Analysing Jane Austen’s spelling in her letters, I found the plural Turkies rather than Turkeys as we spell it today:
he hopes all your Turkies & Ducks & Chicken & Guinea Fowls are very well (letter 21)
We are just beginning to be engaged in another Christmas Duty, & next to eating Turkies, a very pleasant one, laying out Edward’s money for the Poor (letter 77).
The spelling Turkeys does not appear in the letters. I wanted to know how common this spelling was at the time, and consulted the OED Online. There we find under “Forms”:
“Also 15–16 turkie, 15–17 turky. Pl. turkeys, formerly turkies. .” But what does “formerly” mean, and when did the old practice end? Going through the quotations I found that the plural turkies did not occur beyond the 17th century.

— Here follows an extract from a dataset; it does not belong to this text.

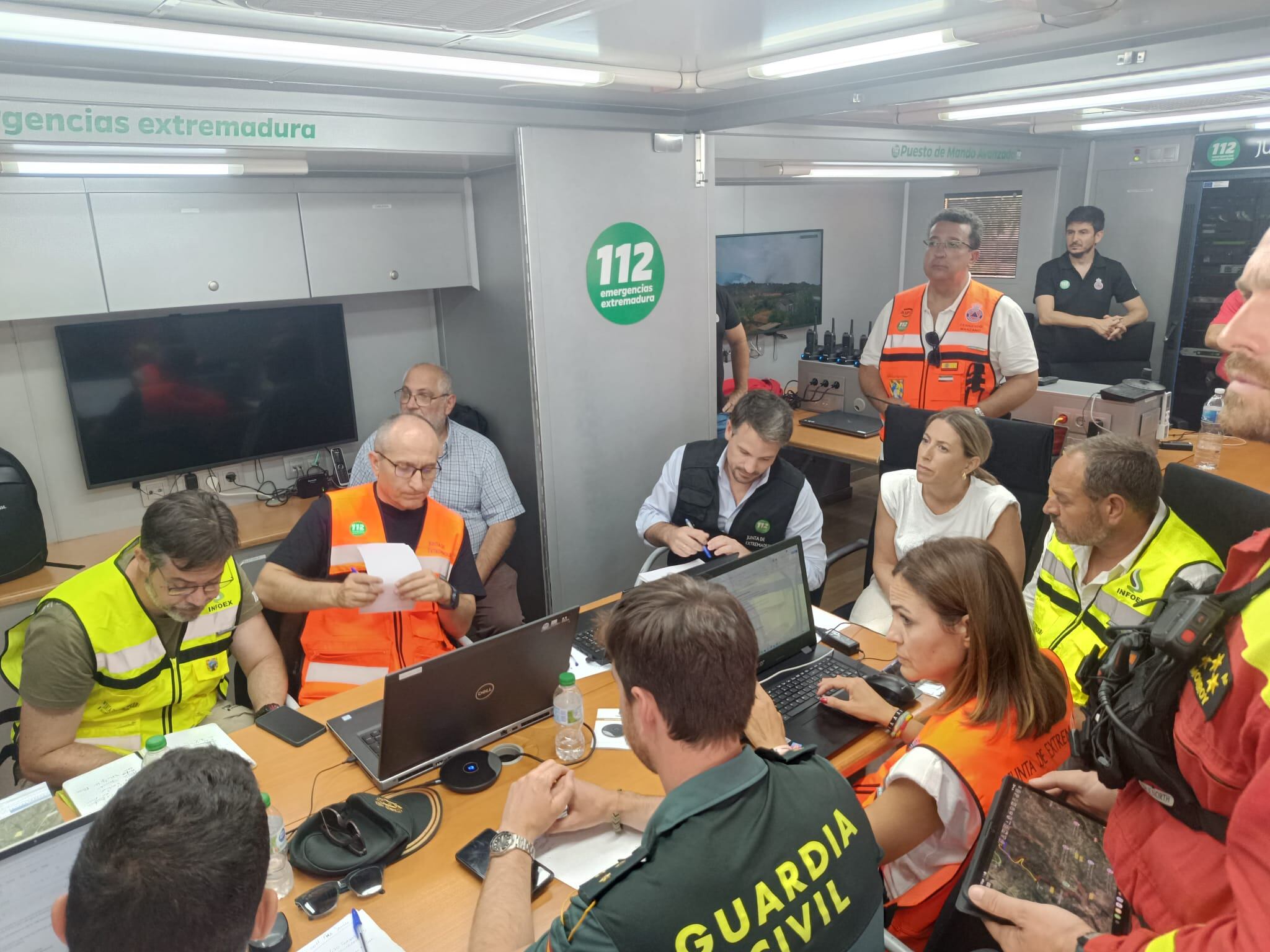 La presidenta de la Junta de Extremadura preside la reunión del CECOPI en el Puesto de Mando Avanzado (PMA) de Jarilla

My next step was ECCO, and a keyword search produced 1686 results, throughout the 18th century. My favourite source from the year 1800 is The farmer’s boy; a rural poem, in four books, by Robert Bloomfield (1766-1823), an “English labouring class poet“:
For pigs, and ducks, and turkies, throng the door, /And sitting hens, for constant war prepar’d (p. 12).

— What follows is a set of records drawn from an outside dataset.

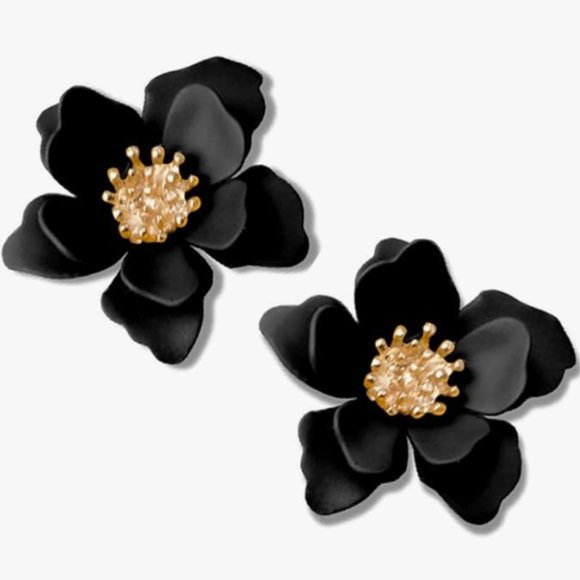 Black Flower Gothic Earrings 3D Floral Pretty Realistic Goth Flowers New - Picture 2 of 7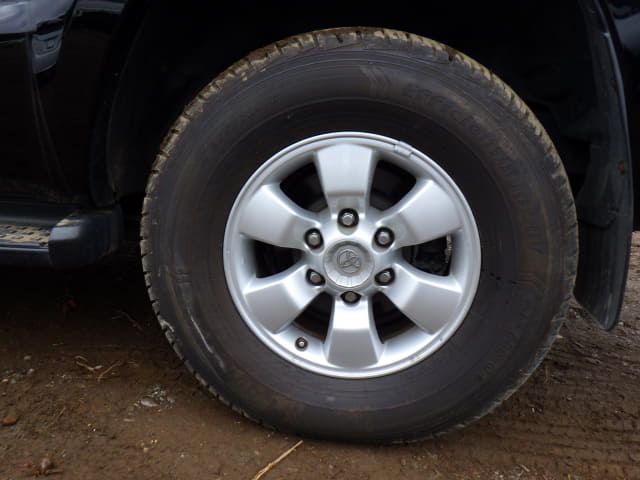 TOYOTA Hilux Surf thumbnail 10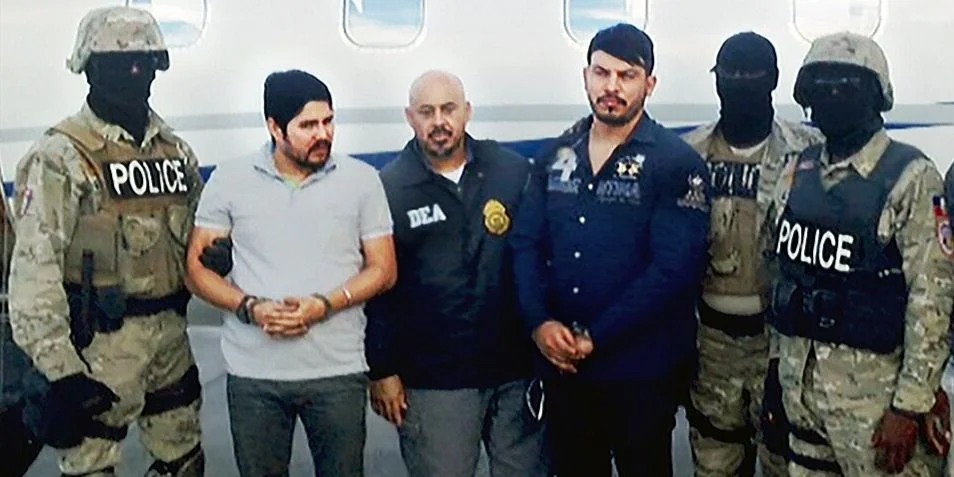 Aantonio Campo Flores y Francisco Flores de Freitas, dos de los llamados "narcosobrinos" mientras son detenidos por la DEA en 2015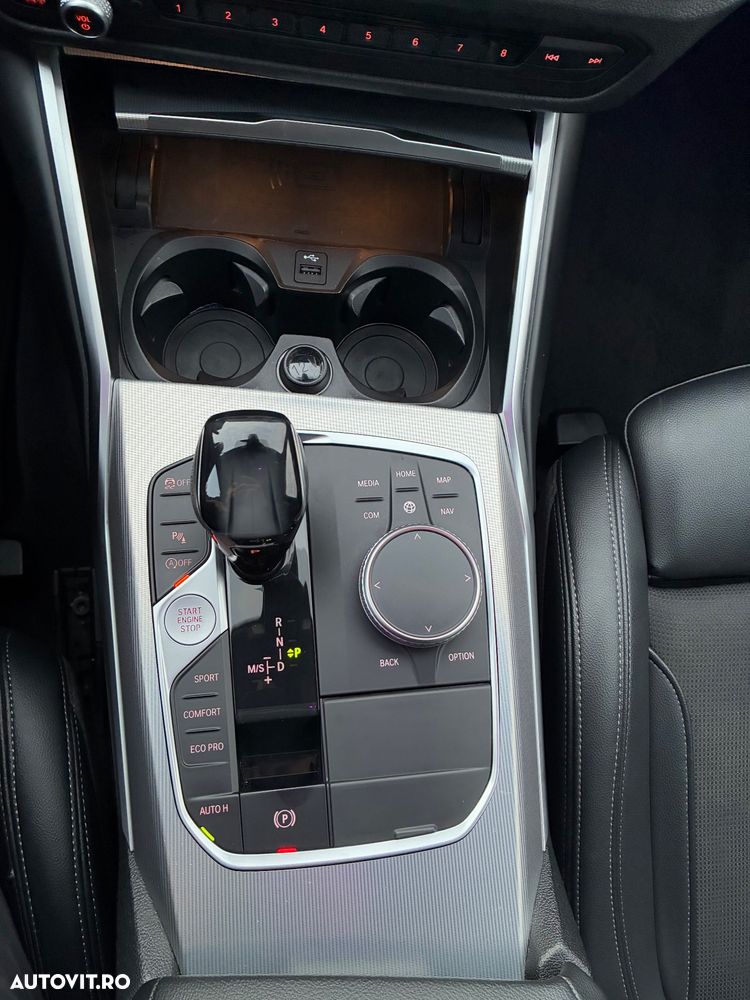 BMW Seria 3 320d xDrive Aut. - 14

The spelling in this quotation should most probably be attributed to the publisher (the printer or typesetter) of the book, rather than to Bloomfield himself.

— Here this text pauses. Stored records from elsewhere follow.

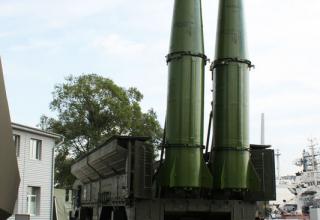Самоходная пусковая установка 9П78-1 ракетного комплекса Искандер-М. http://bmpd.livejournal.com/2115846.html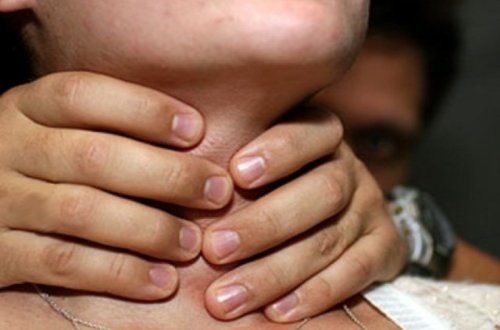 В Бардинском районе муж задушил жену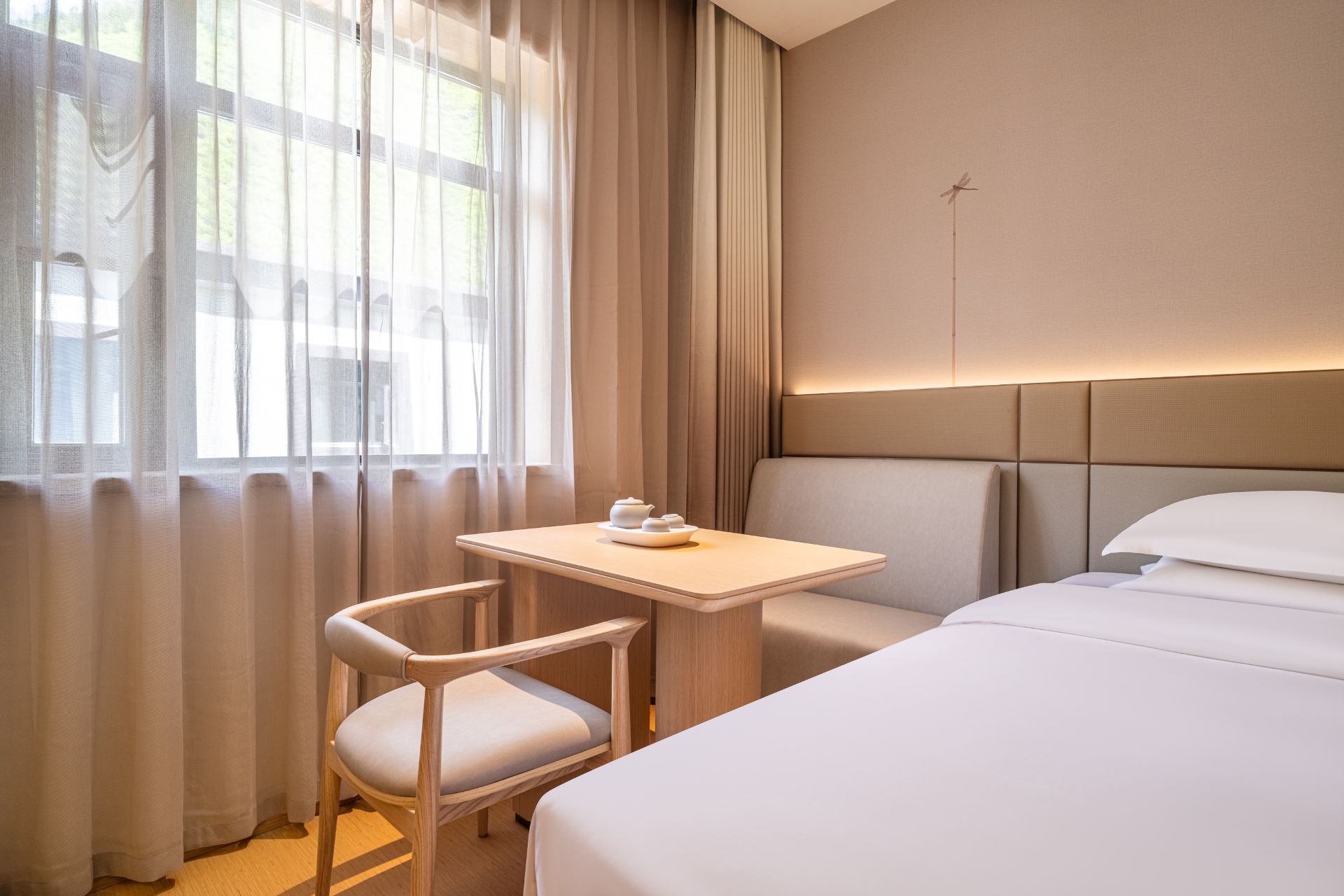 Smart Enjoyment Twin Room (Smart Dryer + Smart Guest Control + Smart Toilet)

The entry for Turkey, as Fiona McPherson explains in her comment to this post, has not yet been revised, and more precise information on the spelling history of the word will eventually be provided based on the available evidence. As for Jane Austen’s usage, I am now able to conclude that it was, to begin with, no spelling error, as she used the same spelling twice. (I found in my study of her language that she is actually quite a good speller, though an idiosyncratic one.) And more importantly, the plural Turkies was still quite common at the time.
In fact the OED entry for Turkey has not yet been revised. Full revision of the entry will, of course, include reconsideration of the word’s spelling history in the light of the evidence now available.